Similar to kenchinjiru soup but with less broth.
Daikon, carrot, tofu. All affordable, everyday ingredients.
The grandma technique: crumble the tofu by hand as you add it.
The broken tofu absorbs the broth and develops an indescribably comforting depth.
The perfect ally for solo dwellers worried about their vegetable intake.
It tastes like a warm hug.
7. Imo-Mochi (Sweet Potato Mochi) -- For When You Want a Homemade Treat
Steam sweet potato, mash it, mix with potato starch, and pan-fry.
That's all it takes to make these wonderfully chewy, rustic treats.
Convenience store sweets are fine, but something you made with your own hands brings a different kind of satisfaction.
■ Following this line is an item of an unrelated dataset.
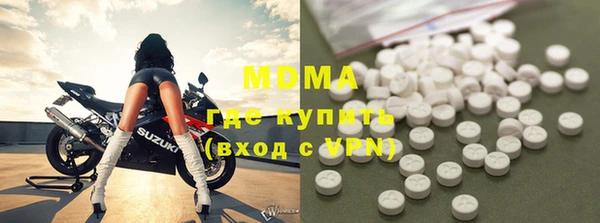 Альфа ПВП Верхний Тагил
No added sugar needed -- the natural sweetness of sweet potato is more than enough.
Grandma always made snacks from "whatever was around."
One sweet potato in the fridge becomes a proper treat.
Perfection Is Not Required
Recreating grandma's cooking doesn't mean following a recipe to the letter.
Too much miso in the stir-fry? Tea porridge too watery? That's fine.
Grandma cooked "roughly" every time too.
Getting the amounts wrong won't ruin it.
In fact, "a bit too salty today" is part of what makes home cooking enjoyable.
What matters is turning on the stove.
That alone makes for a different kind of evening than opening a convenience store container.